As a survivor of the disaster, I had a rare perspective among the media. I survived the crush in pen 3; many of the 96 died in front of me. Unable to move for over half an hour, I was condemned to watch them cry for help, throw up, plead for their lives and die. When the police finally opened the gate in the fence and the crush abated, around a dozen of them simply keeled over and hit the concrete. A heap of corpses piled up in front of me. One police officer said the scene "was like Belsen".

The noise will never leave me. Yesterday, there were periods of profound silence between the many questions directed first towards the panel and then the family groups. I almost broke that with my own tears when it was revealed that 41 of the dead might have been saved.

A shocking number – so large that, had those 41 been saved, Hillsborough would not stand today as the biggest disaster in British sport. That claim to notoriety would belong to the Ibrox disaster of 1971, which claimed 66 lives.
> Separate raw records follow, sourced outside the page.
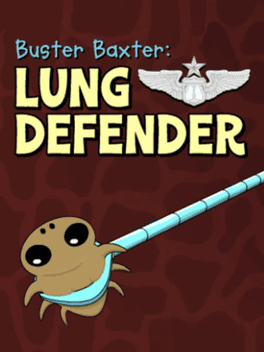 Buster Baxter: Lung Defender's background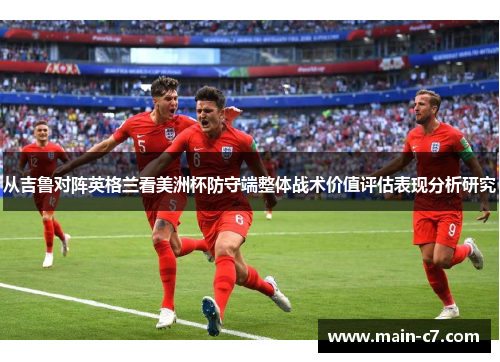 从吉鲁对阵英格兰看美洲杯防守端整体战术价值评估表现分析研究 从吉鲁对阵英格兰看美洲杯防守端整体战术价值评估表现分析研究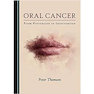 دانلود کتاب Oral Cancer, 1st Edition2019 سرطان دهان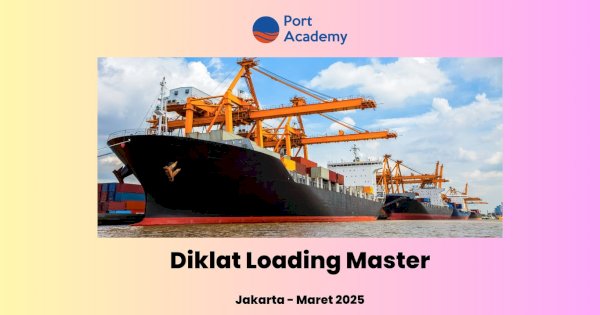 PT Samudera Energi Tangguh Perkuat Kompetensi Loading Master Lewat Pelatihan Bersama Port Academy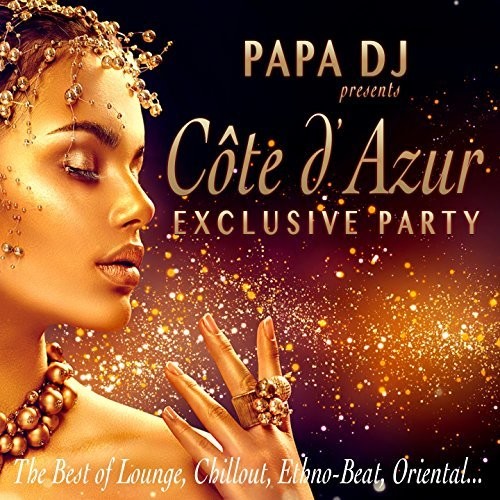 Papa Dj - Cote D'azur Exclusive Party - Music CD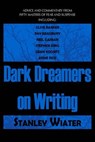 Dark Dreamers on Writing: Advice and Commentary from Fifty Masters of Fear and Suspense - Stanley Wiater - 9780463867815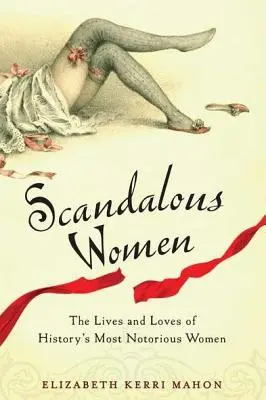 Škandalózne ženy: Životy a lásky najznámejších žien histórie - Scandalous Women: The Lives and Loves of History's Most Notorious Women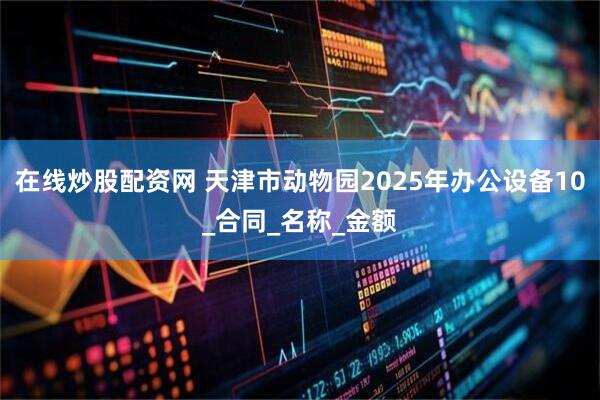 在线炒股配资网 天津市动物园2025年办公设备10_合同_名称_金额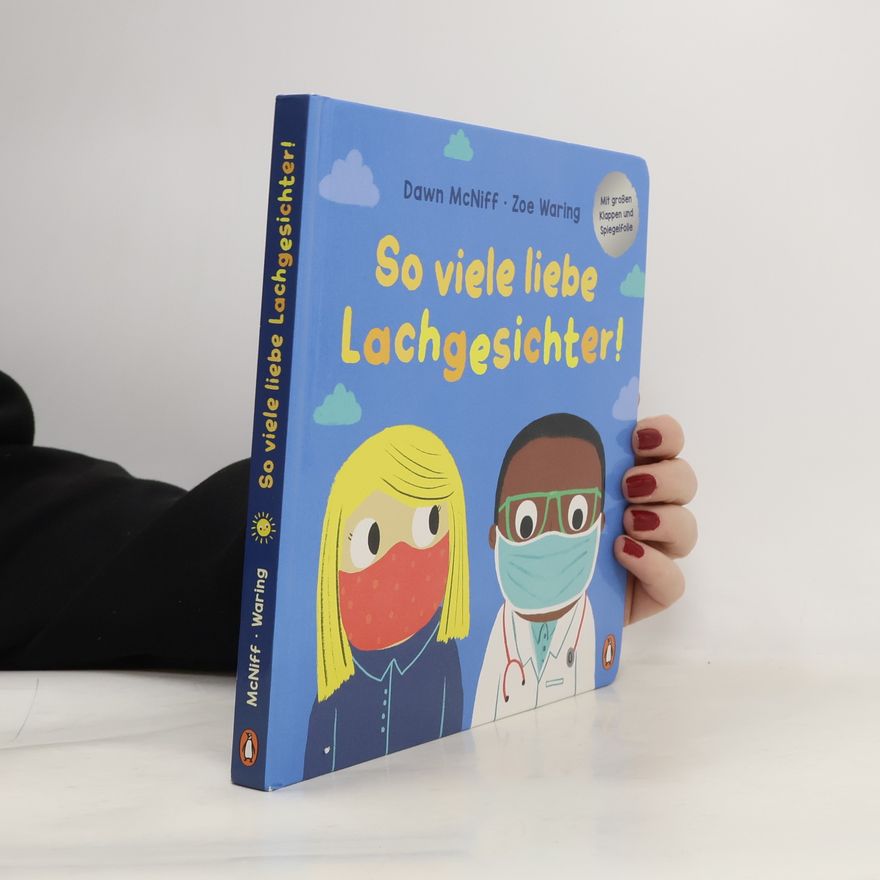 Dawn McNiff So viele liebe Lachgesichter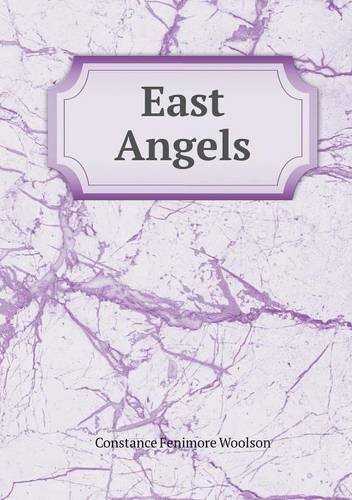 Cover for Constance Fenimore Woolson · East Angels (Taschenbuch) (2013)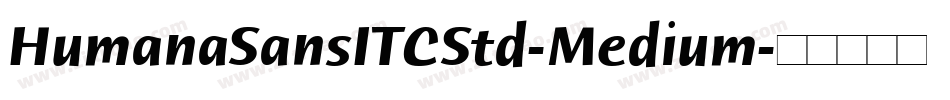 HumanaSansITCStd-Medium字体转换
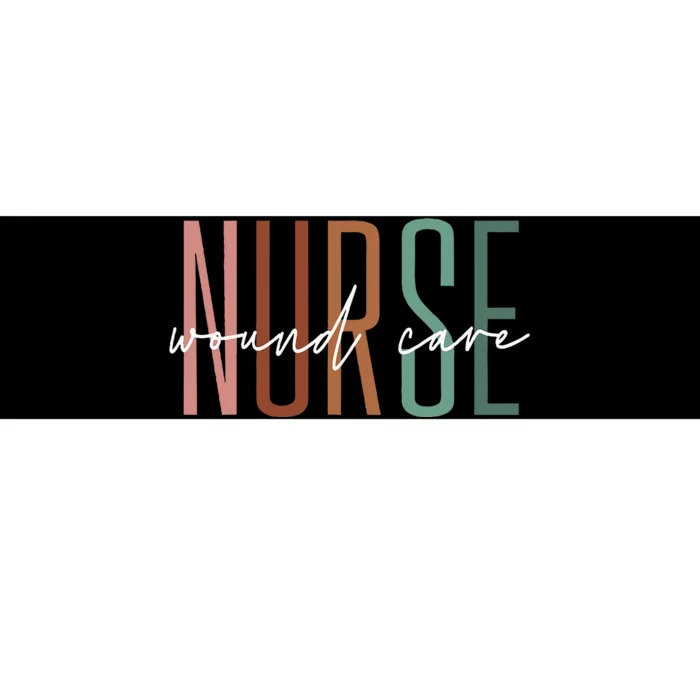 Wound Care Nurse Nursing Wound Ostomy Nurse Appreciation Bumper Sticker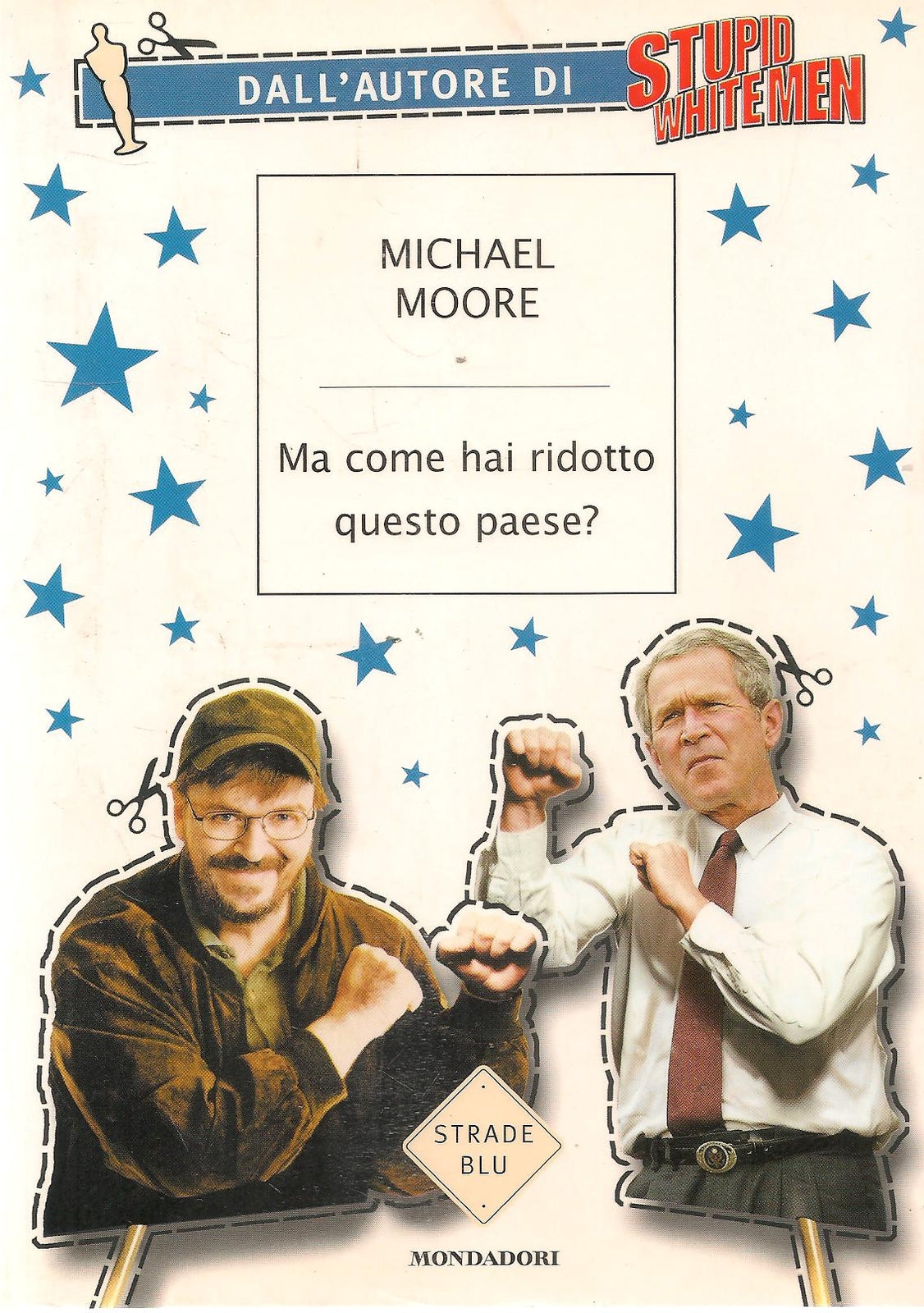 MA COME HAI RIDOTTO QUESTO PAESE? - MICHAEL MOORE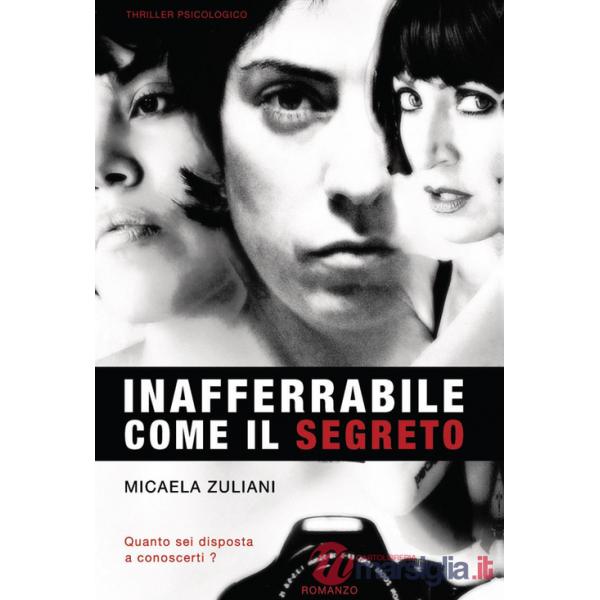 Inafferrabile come il segreto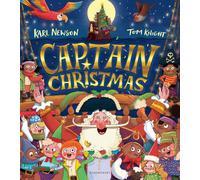 Captain Christmas : Get ready to meet the world’s most festive pirate!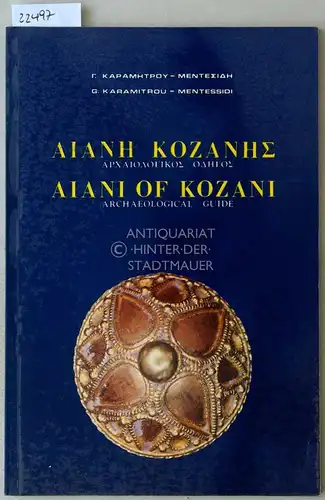 Karamitrou-Mentessidi, G: Aiane Kozanes: Archaiologikos odegos. - Aiani of Kozani: Archaeological Guide. 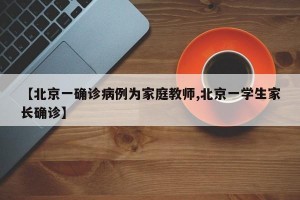 【北京一确诊病例为家庭教师,北京一学生家长确诊】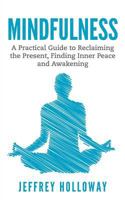 Mindfulness: A Practical Guide to Reclaiming the Present, Finding Inner Peace and Awakening (Mindfulness, mindfulness for beginners, meditation, mindfulness meditation, anxiety relief, stress relief) 1540778037 Book Cover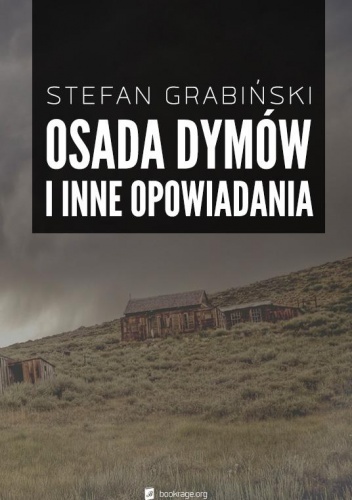 Okładka: Stefan Grabiński - Osada dymów i inne opowiadania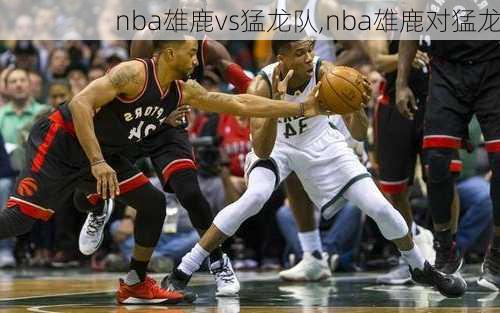 nba雄鹿vs猛龙队,nba雄鹿对猛龙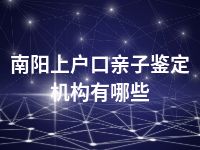 南阳上户口亲子鉴定机构有哪些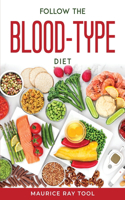 Follow the blood-type diet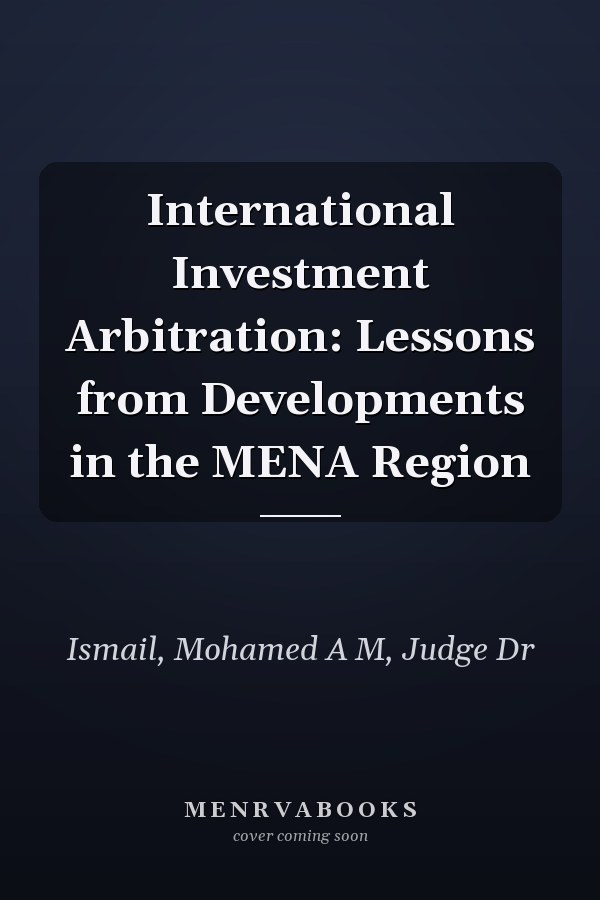 International Investment Arbitration: Lessons from Developments in the MENA Region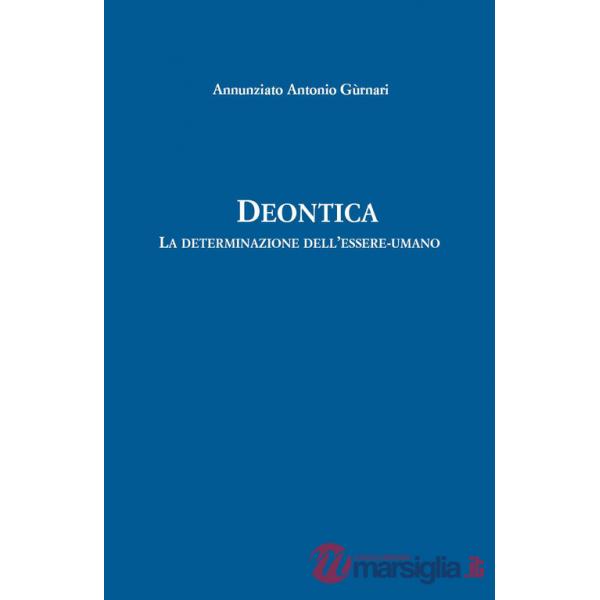 Deontica. La determinazione dell'essere-umano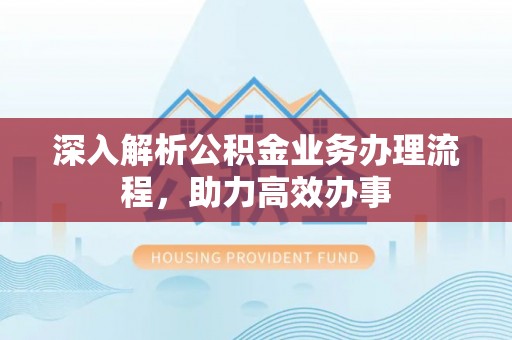 兴县深入解析公积金业务办理流程，助力高效办事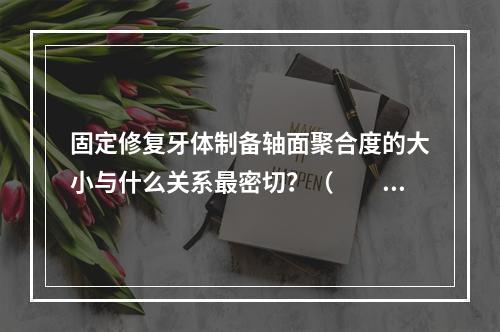 固定修复牙体制备轴面聚合度的大小与什么关系最密切？（　　）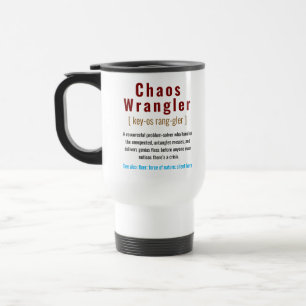 Mug De Voyage drôle Coordinateur Chaos Définition Bureau Coworke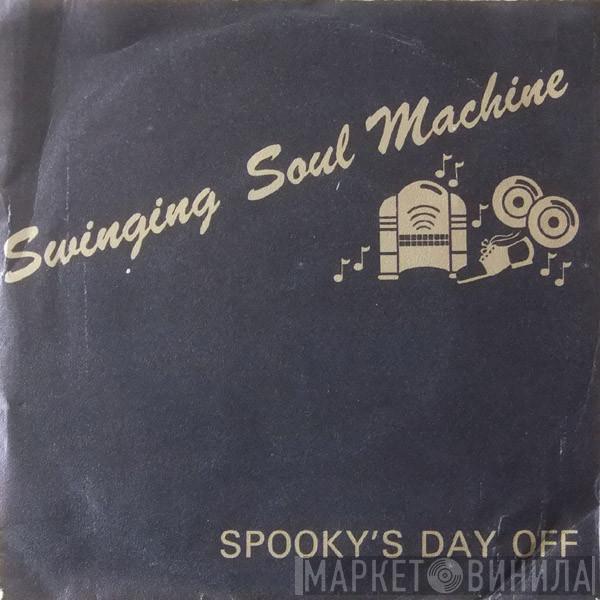 Swinging Soul Machine - Spooky's Day Off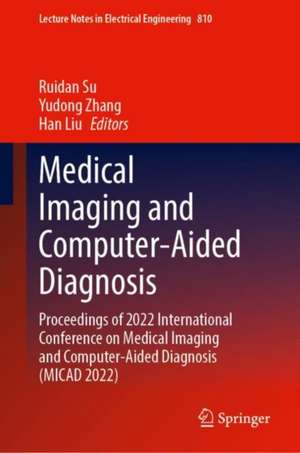 Medical Imaging and Computer-Aided Diagnosis: Proceedings of 2022 International Conference on Medical Imaging and Computer-Aided Diagnosis (MICAD 2022) de Ruidan Su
The fact that the outrageous lies of the South Yorkshire police, accepted by Kelvin MacKenzie, were chiselled away, slowly, carefully and forensically over 23 years, lent this process a weight in the public mind that a judicial review, convened perhaps over a few short months, could not have achieved.

This, however, should not be time for a celebration of the peculiarly evolutionary nature of British justice: this was driven by grief left to fester for 23 years. People can accept that terrible things happen if accountability and truth follow. "We will always be the losers in this," Margaret Aspinall said. But as one reporter replied: "Yes, but Margaret, this is the first time I think I've ever seen you smile."

Survivors and families have lived with very different nightmares since 1989: the bereaved suffered intense grief; survivors bore the trauma.

They are different conditions, and require different treatments. Justice and truth are perhaps the only remedy that can heal us both.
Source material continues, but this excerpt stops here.